One of my first visits to object collections holding material about 1950s and 1960s domestic electrical products was to the Geffrye Museum, in Shoreditch in London. The Geffrye Museum is a museum of the home, and is probably best known for its series of period rooms, which represent London middle class living space from the 1600s to the 1990s. As well as a programme of temporary exhibitions on different aspects of the home, they also run an active programme of talks and conferences and their collection of objects and pamphlets was an obvious stop for me in my search for surviving examples and documentation of domestic electrical products sold in Ireland in the 1950s and 1960s.
I already had a good idea of the range of products sold in Ireland from my newspaper research, and was particularly looking for material on British brands such as Morphy Richards, Prestcold and Hotpoint, as well as British subsidiaries of American companies such as Hoover and Frigidaire. Ably guided by curator Eleanor Black, I had a fascinating time examining the object collection, getting to handle some of the surprisingly heavy irons and kettles. The highlight for me was their grey Hoover Constellation, a spherical vacuum without wheels, which was supposed to ‘float’ on its exhaust like a hovercraft. Again, it was surprisingly heavy compared to current vacuum cleaners, although the rotating hose pipe was supposed to allow the user to leave it in the middle of the room and move it as little as possible. I did have to be careful about not actually picking it up by the handle, though, as design historians tend to think about the affordances of how a product could be used, whereas curators have a concern that their objects in their care are not damaged by handling.
The trade catalogue collection was equally interesting, covering a range of product leaflets, manufacturer’s brochures and pamphlets from bodies such as the Electrical Association for Women.

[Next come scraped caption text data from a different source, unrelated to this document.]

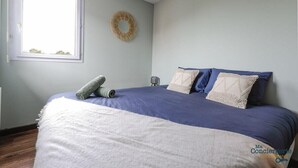 A bedroom with a bed, a window, and a wall-mounted decorative item. - Montaigne - Proche Tram - 5min Aéroport (Blagnac)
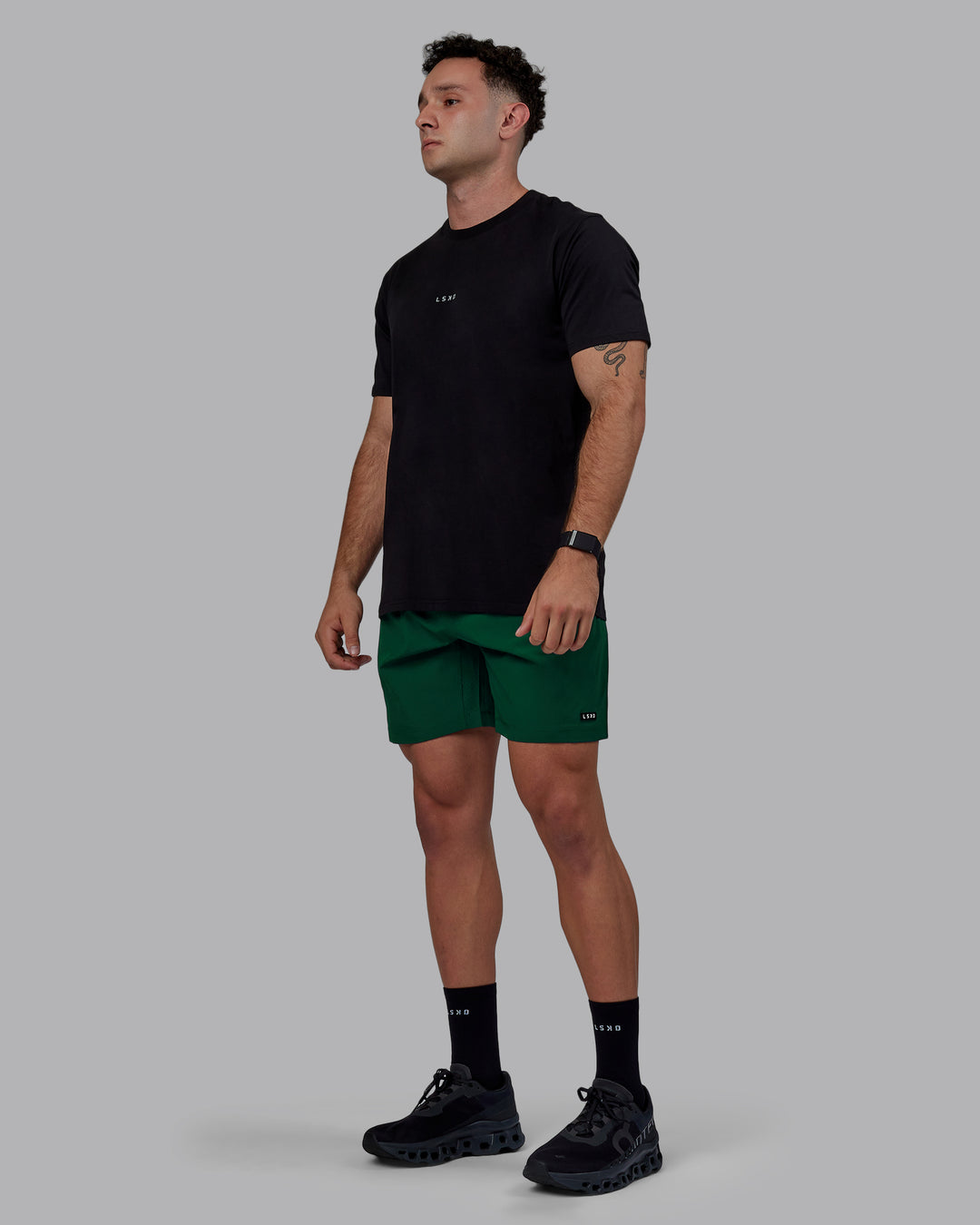 Man wearing Rep 7&quot; Performance Shorts - Deep Emerald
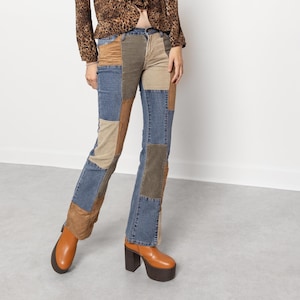 May include: A long-sleeved leopard print blouse with a ruffled front placket paired with patchwork denim jeans featuring various shades of blue denim and tan fabric panels. The outfit is completed with tan platform boots with block heels.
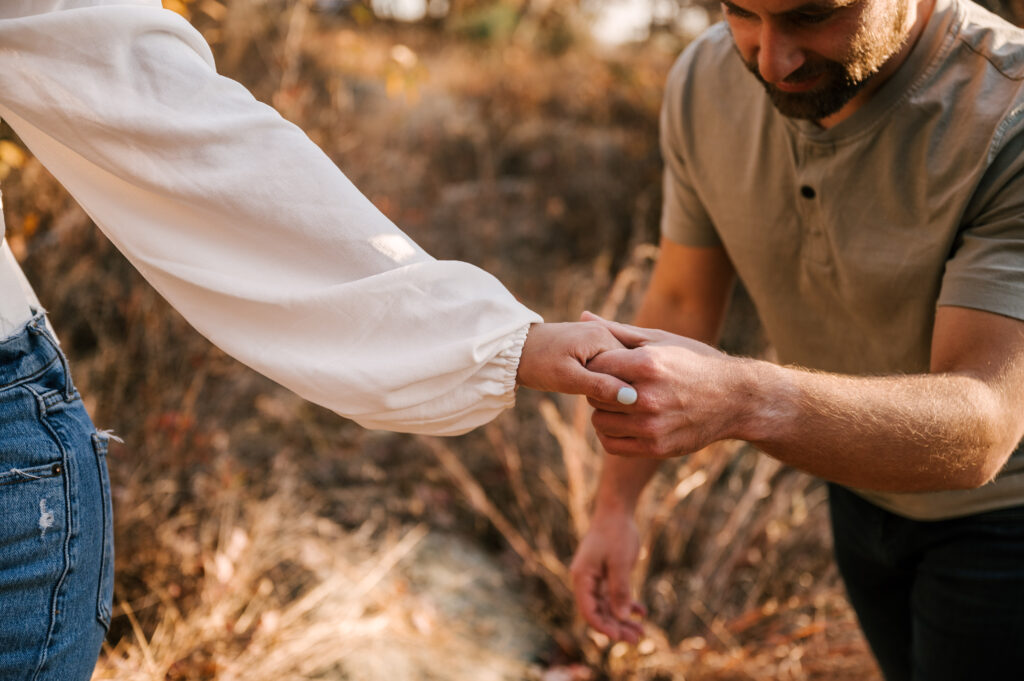 close up of couple holding hands and walking through the fall foliage at bear mountain state park in new york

These pamphlets included a monthly card from the EAW outlining important electrical facts relevant to the time of year, with June covering a range of tips about bagging and labelling food for the freezer, as well as ideas about where to situate a chest freezer in the house, recommending that the kitchen was not actually the best location, if a cool, dry room such as a corridor, spare room, garage or outhouse was available.
The collection also included a book of recipes which came with a Prestcold refrigerator, featuring a large section on ice cream and other cool and frozen novelties which the appliance allowed to be made and stored at home, including banana splits and peach melba!
Overall, it was a very useful archive visit, allowing me to get a sense of the ‘home’ market for British appliances, as well as a close-up look at some of the appliances themselves. Thanks to the Geffrye Museum for facilitating my visit and for allowing me to use photographs of their collection.